Depois de capturada Mandu, os edifícios intramuros foram totalmente arrasados e em seu lugar surgiu uma nova urbe, baptizada de Shadiabad, “a cidade da alegria”. Explicado está o distintivo estilo arquitectónico afegão em muito dos actuais monumentos. Entre os despojos da época consta um fragmento de canhão ao qual se atribui qualidades mágicas. Está manchado com óleo e tingido de vermelho. É curioso, em Maumere, nas Flores, os locais fazem o mesmo com os canhões portugueses ali existentes… Monserrate alude a um grande palácio, “a casa dos antigos reis”, onde vivia o governador da província. Trata-se do Palácio Hindola, usado como sala de audiências, construído durante o reinado de Hoshang Shah, por volta de 1425. Fala depois, com apurada precisão matemática – faz medições exactas, o que faz dele arqueólogo “avant la lettre” –, de uma tumba real meio acabada, “que suponho que nunca será concluída”, no meio de uma plataforma quadrada “que se eleva cinco côvados acima do solo e com 25 metros de largura” rodeada por arcos e colunatas e coroada por uma cúpula.
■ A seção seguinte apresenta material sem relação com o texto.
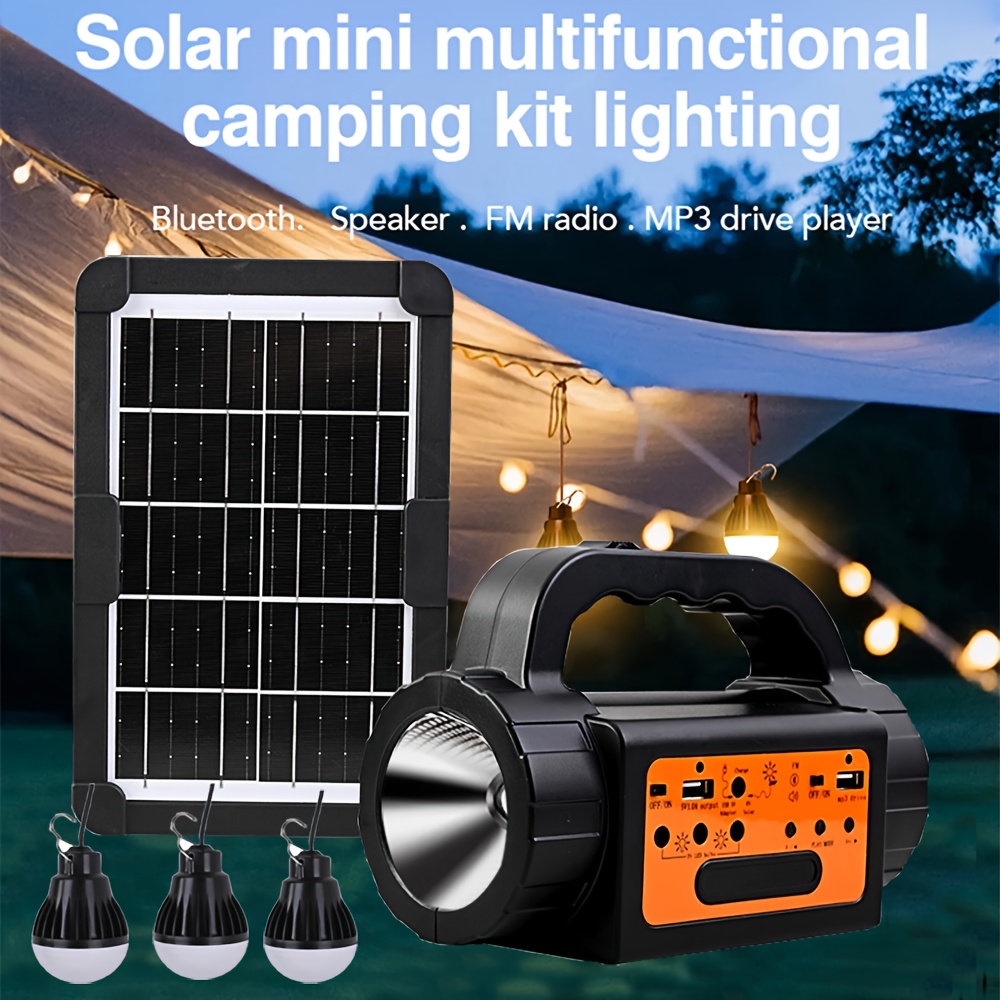 Solar Rechargeable Camping Lig - Outdoor Power Direct review and price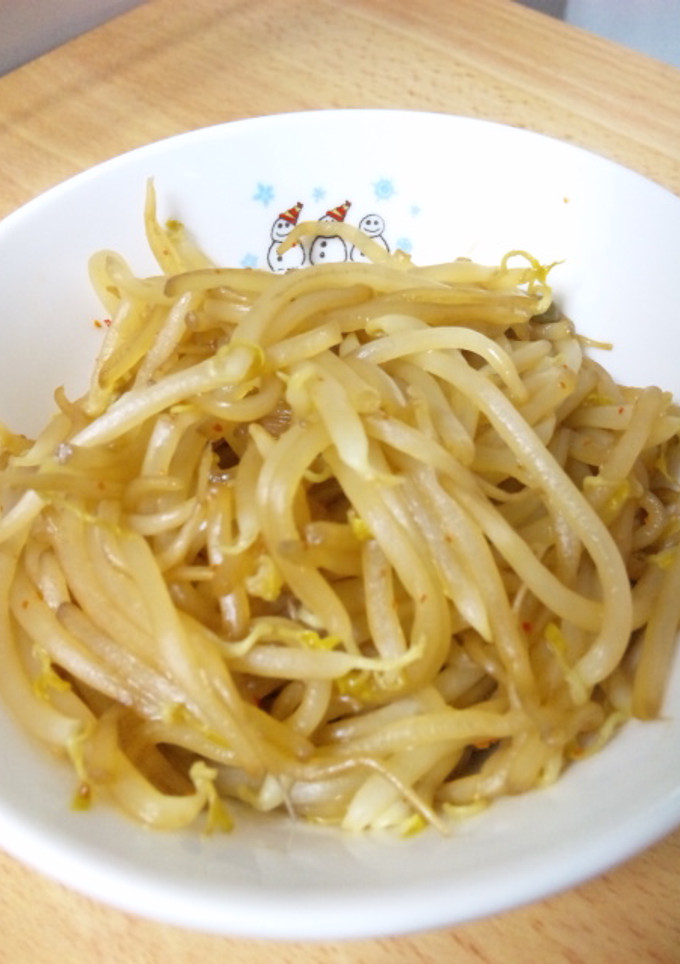 辛うま☆もやしのめんつゆ炒め-レシピのメイン写真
Nos quatro cantos da plataforma erguem-se minaretes, com sete andares de altura e formato octogonal e janelas direccionadas para os quatro pontos cardeais, de onde é feita a chamada muçulmana para a oração. Em frente estava outro grande edifício “de magnificência e custo semelhante”, que só pode ser a Jama Masjid, “a grande mesquita”, notável exemplo da arquitectura afegã, erguido em 1405.

A referida tumba é a de Hoshang Shah, se bem que Monserrate garanta que estão ali sepultados “três reis mongóis e também o tutor de um desses reis”. Há ainda a referência a um templo que se assemelha a uma igreja cristã, afinal a Torre da Vitória construída pelo sultão Mahmud Khalji em 1443, para comemorar o seu triunfo sobre o senhor de Chitor, o rajput Rana Kumbha. E por que a compara a uma igreja? Porque os telhados eram em arco, “nos quais podem ser colocados altares”, e os tectos abobadados, “que se abrem e formam uma passagem para o santuário do altar-mor”.

Monserrate termina a detalhada análise mencionando um enorme cemitério (com vários quilómetros de extensão) e louvando os muçulmanos pela atenção que dão à memória dos seus mortos, honrando-os “com túmulos elaboradamente construídos”, o que não acontece com “certas criaturas abandonadas da nossa época”. Esta, certamente uma farpa dirigida aos cristãos tresmalhados.